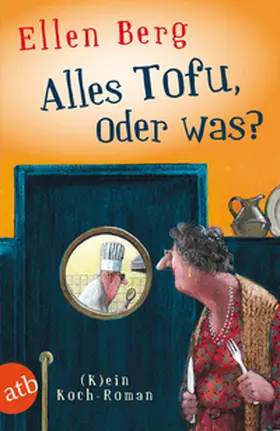Berg | Alles Tofu, oder was? | Buch | 978-3-7466-3128-8 | www.sack.de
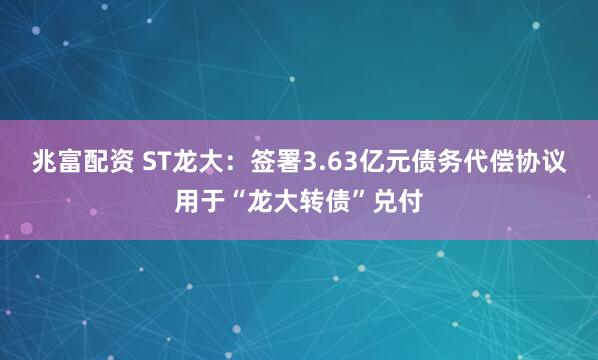 兆富配资 ST龙大：签署3.63亿元债务代偿协议用于“龙大转债”兑付
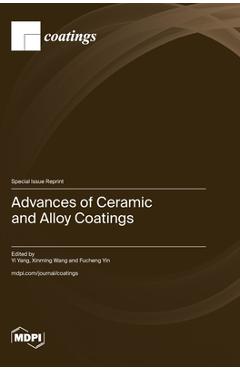Advances of Ceramic and Alloy Coatings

+ + + + +

# EXERCISE BRIEF
In your reply, every line of the material should appear exactly as written, and no picture should.

# RESULT
Berg | Alles Tofu, oder was? | Buch | 978-3-7466-3128-8 | www.sack.de
 兆富配资 ST龙大：签署3.63亿元债务代偿协议用于“龙大转债”兑付
Advances of Ceramic and Alloy Coatings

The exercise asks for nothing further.